What you have to do:
Reproduce, exactly and only, the lines of the data that follows from the one containing "Used 2019 Lexus" down to the one containing "Shindo 200 Series", without pictures.

Material shown:
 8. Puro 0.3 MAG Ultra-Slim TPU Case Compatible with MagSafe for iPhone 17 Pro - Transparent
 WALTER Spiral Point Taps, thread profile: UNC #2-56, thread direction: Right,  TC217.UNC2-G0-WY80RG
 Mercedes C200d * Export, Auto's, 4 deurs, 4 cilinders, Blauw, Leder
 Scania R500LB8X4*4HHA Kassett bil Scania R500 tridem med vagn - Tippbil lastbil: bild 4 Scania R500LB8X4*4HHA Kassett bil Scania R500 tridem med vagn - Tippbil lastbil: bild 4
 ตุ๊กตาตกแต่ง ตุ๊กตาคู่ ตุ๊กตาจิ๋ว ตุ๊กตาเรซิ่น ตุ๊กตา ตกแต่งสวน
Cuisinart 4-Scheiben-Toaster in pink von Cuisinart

==

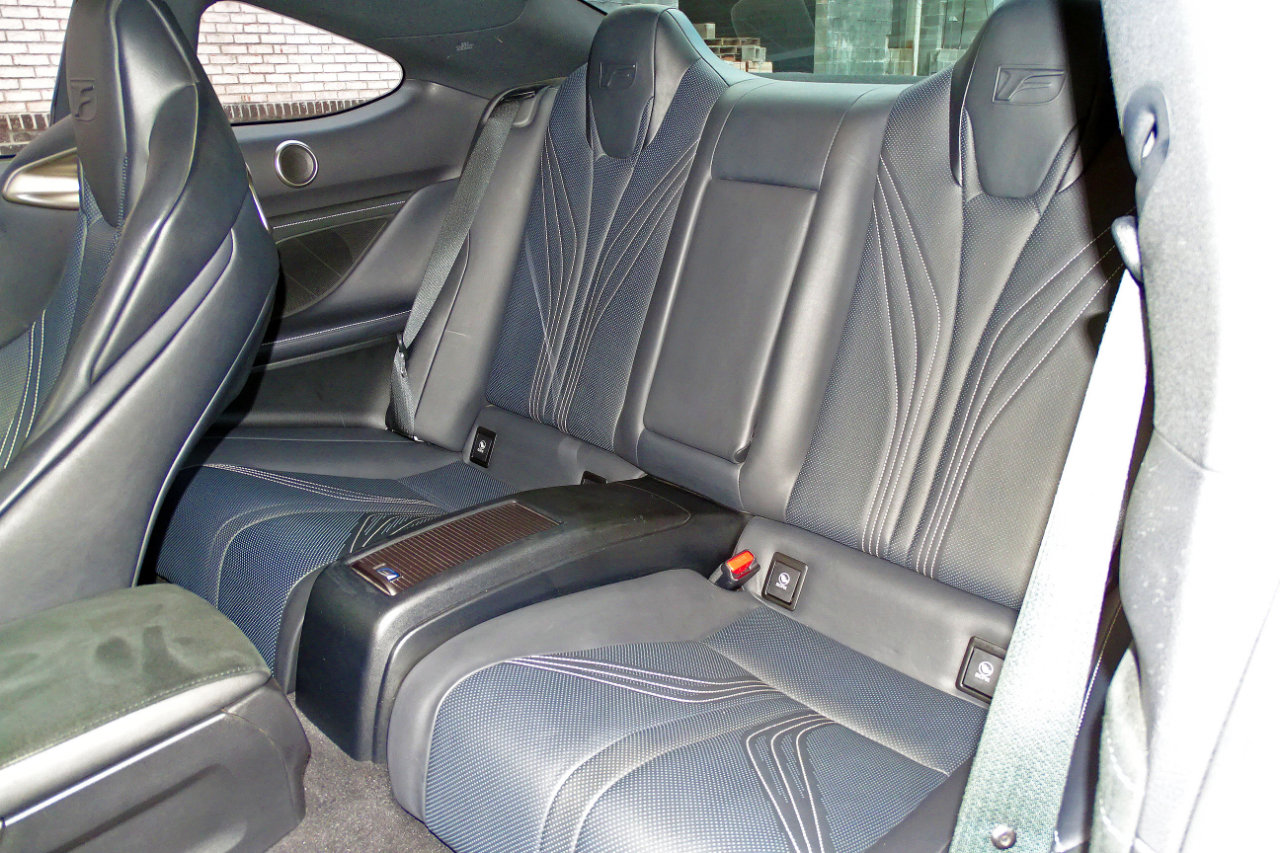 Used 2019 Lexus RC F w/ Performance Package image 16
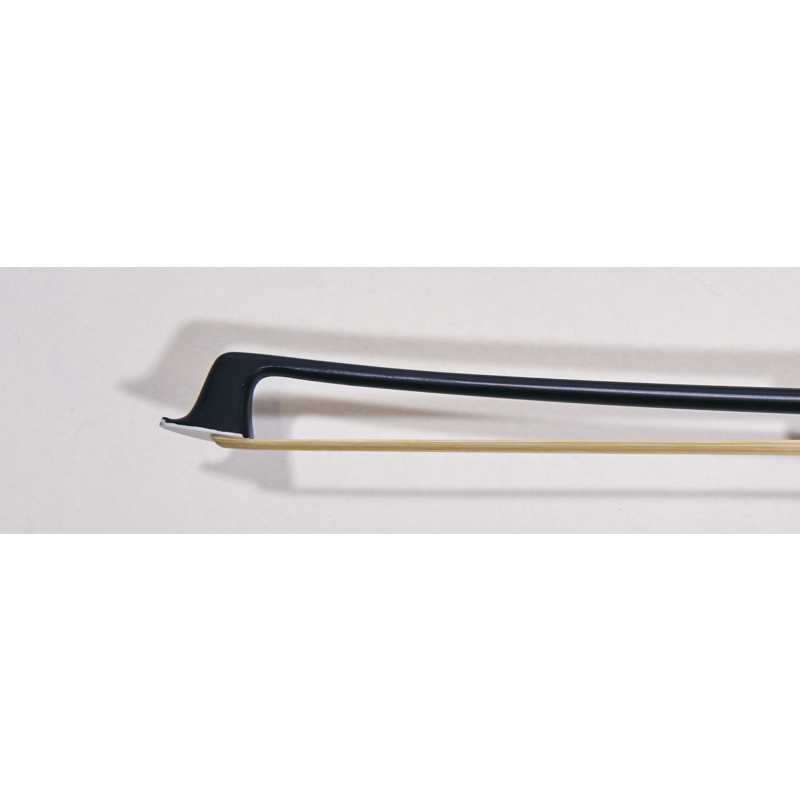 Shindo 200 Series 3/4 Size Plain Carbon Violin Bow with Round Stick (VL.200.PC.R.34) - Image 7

---

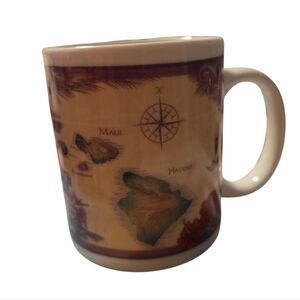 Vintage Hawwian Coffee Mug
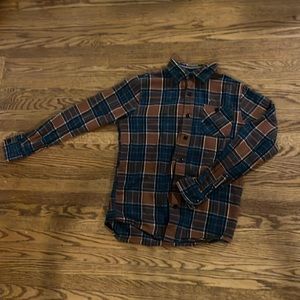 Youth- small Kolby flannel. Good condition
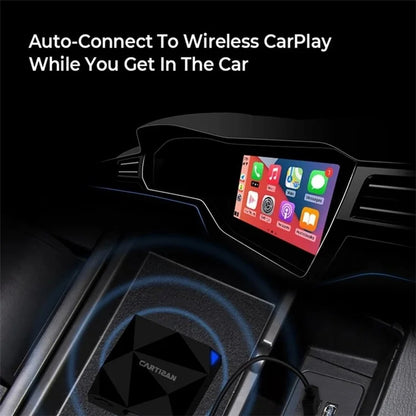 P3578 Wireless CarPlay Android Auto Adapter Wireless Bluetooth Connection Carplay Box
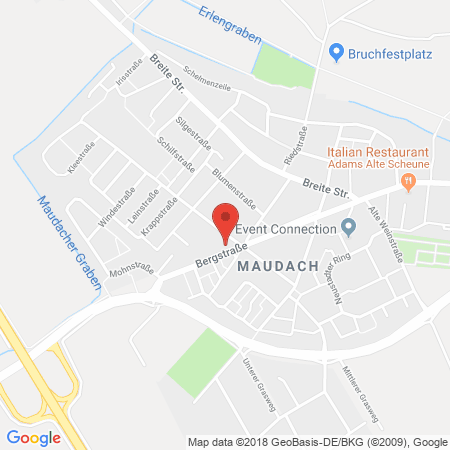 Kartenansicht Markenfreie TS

Result:
 Used 2019 Lexus RC F w/ Performance Package image 16
 Shindo 200 Series 3/4 Size Plain Carbon Violin Bow with Round Stick (VL.200.PC.R.34) - Image 7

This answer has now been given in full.